By and large, however, Eric Zemmour is exactly right about what is happening in Central Europe. Many thanks to Ava Lon for the translation, and to Vlad Tepes for the subtitling:
|00:00||You are watching RTL, RTL morning|
|00:04||“We don’t necessarily agree.”|
|00:08||“We don’t necessarily agree” this morning with Eric Zemmour. —Good morning, Eric. —Good morning.|
|00:12||In the Czech Republic the elections gave a large victory to a populist movement,|
|00:16||which happened after a victory for a Right very much to the right, in Austria.|
|00:20||This is called “a series”. The Czech Republic happens after Austria, which happens after|
|00:24||Poland, which happens after Slovakia, which happens after Hungary.

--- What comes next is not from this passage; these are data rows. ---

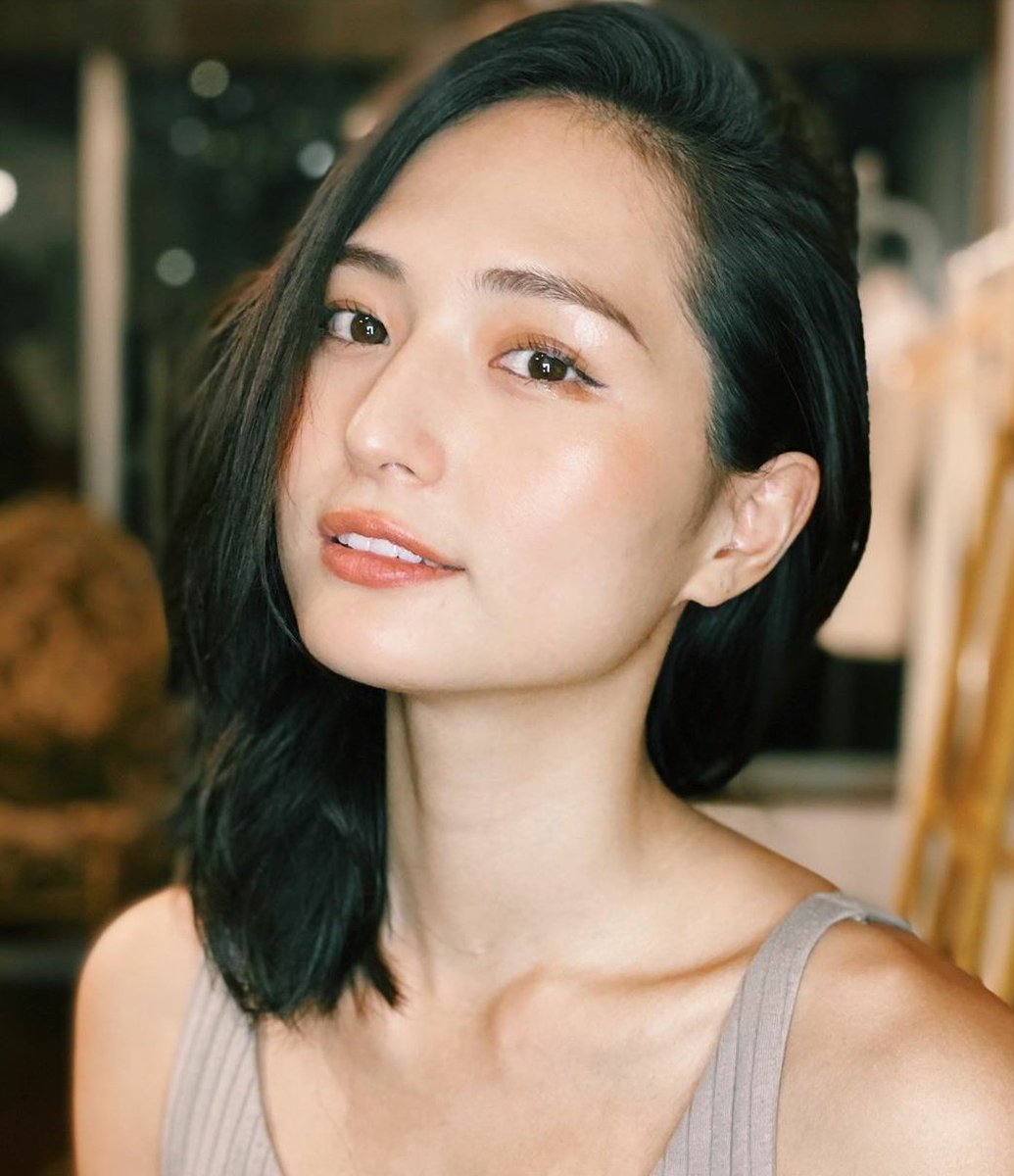 ゆっち Pa Twitter 今だから言える 女優の山賀琴子は旭川出身 自分の家の 向かいの家に 小さい時から知り合い懐かしい 今も頑張っているのかな 山賀琴子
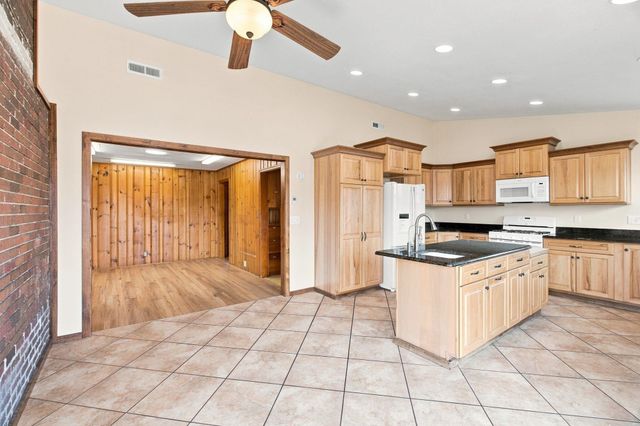 9809 E Upriver Dr, Spokane, WA 99206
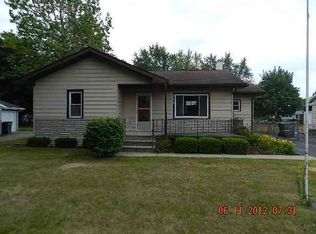 215 E Maple Grv, Syracuse, IN 46567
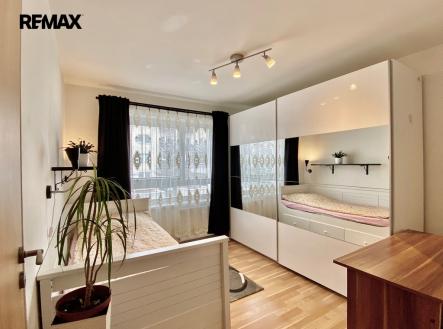 Pronájem bytu, 3+kk, 56 m²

The same elections|
|00:28||that revolved around the question of migration and Islam. The same victory|
|00:32||of a Right that rejects them [migration & Islam] without doubts and guilt. The same rapprochement|
|00:37||with a right wing that doesn’t care about all the taboos resulting from WW2.|
|00:41||The same loggerhead with the Brussels Commission that denounces attacks against the rule of law.|
|00:45||The same contempt of the European media for the populists.|
|00:49||The same moral lessons given by French and German leaders.|
|00:53||But words became meaningless. We think they are hostile towards liberalism.|
|00:57||We call them “illiberals”, but in reality they are even more|
|01:01||for the free market because they did know the damages of the communist system.|
|01:05||They are being called “Euro-sceptic”, but they are even more in favor|
|01:10||of Europe, because their entrance into the EU automatically gave them the right|
|01:14||to slide under American umbrella. One could reproach them for it,|
|01:18||but they are less hypocritical than the Westerners who do|
|01:22||also think that European defense is called NATO. Those people reject|
|01:26||a liberalism which would be systematically libertarian, as has been the case in France|
|01:30||since May ’68. They also refuse European institutions that|
|01:34||impose… that would impose a quota of migrants|
|01:38||or gay marriage. The joy of diversity that forms the happiness of France,|
|01:42||of Germany, and of England doesn’t tempt them. They want|
|01:46||neither the mosques nor the jihad. Their parents lived under the communist boot.|
|01:50||The Hungarians and the Czechs saw Russian tanks|
|01:54||on the streets. The Poles were threatened with them and the Austrians were|
|01:58||forced into a cautious and fearful neutrality. They know the price|
|02:02||of national independence, and they don’t wish to replace Moscow with Brussels.|
|02:07||History, in your opinion, explains those seemingly similar political behaviors?|
|02:11||Yes, history, like politics, unites them. All those countries|
|02:15||were, before the War of 1914, part of the same Habsburg Empire.|
|02:19||They saw its glory and the decline. They underwent in 1930|
|02:23||the tragedy of the nations that had to live with minorities which couldn’t be assimilated.|
|02:27||The Germans in Czechoslovakia, or Hungarians in Romania. Those countries|
|02:31||found — at the same time as their sovereignty— the happiness of homogeneous nations,|
|02:35||where there’s confidence, because everyone the shares the same culture and the same history.|
|02:39||A history which crossed paths with Islam a long time ago. Unlike|
|02:43||France or Germany, Hungary was occupied for three centuries|
|02:48||by the Ottoman Empire. And Vienna went through two sieges, the last one|
|02:52||in 1683. At the time it was a European army|
|02:56||led by a Polish general [Polish King Jan III Sobieski] that pushed the Muslim invader away.|
|03:00||The French king, Louis XIV, didn’t lift a finger.|
|03:04||Three centuries: it was yesterday. —Eric Zemmour for “We don’t necessarily agree”.